割と人気のエリアなのですぐに埋まりそうだが、他のアパートやマンションに人を取られるかもしれないと思うと心配だ。
まだ若いのに、お金のことで苦労するのはかわいそうだと思ったが、俺が独立した歳とさして変わらない事に気が付いた。
俺が独立した頃は景気も良くなかったが、今は世間的には上向きと言われているし、なんとかなるだろう。
きっと将来のことを真剣に考えて投資目的にアパートを建てたのだろうと思うとなんとか力になってあげたい。
普通の依頼であれば、アパートの新築なんてまとまった仕事とお金が入り狂喜乱舞と言ったところだが、今回は事情が違いかなりしんどい。

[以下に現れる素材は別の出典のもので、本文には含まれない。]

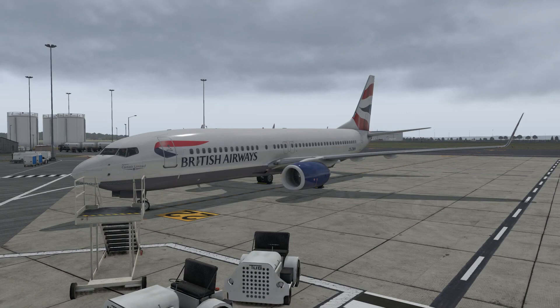Hello everybody and welcome back to another video. Today we will be looking at how to update the Magnite 787 for X-Plane 11.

峰さんからも電話があり、フローリングにする事にしたとのことだった。
先の事を考えると、多少高くても仕方がないと思うと話していた。
解決したと思うと同時に、こちらも将来のことを考えているのだなと思った。
佐々木君が若者代表という訳では無いが、いつの頃からか若者より年配の人の方が冒険している気がしている。
しかし、それは大人の世界の話で子供はいつも楽しそうだ。
ソファーからジャンプすれば空は飛べるし、バスタオルを首に巻けばヒーローにもなれる。
俺もそんな時があったなと長男を見て思い出した。
高校生の頃にアイツの家で騒いでいた時に、「一軒家の持ち家に引っ越して正解だったな」とアイツのお父さんが話していた意味が今ならわかる。
最近は、子供が目一杯騒げる所もなくなってしまったように思うと、自分の家は一番自由なところかもしれない。
そう考えると、結局財力なのだろうか。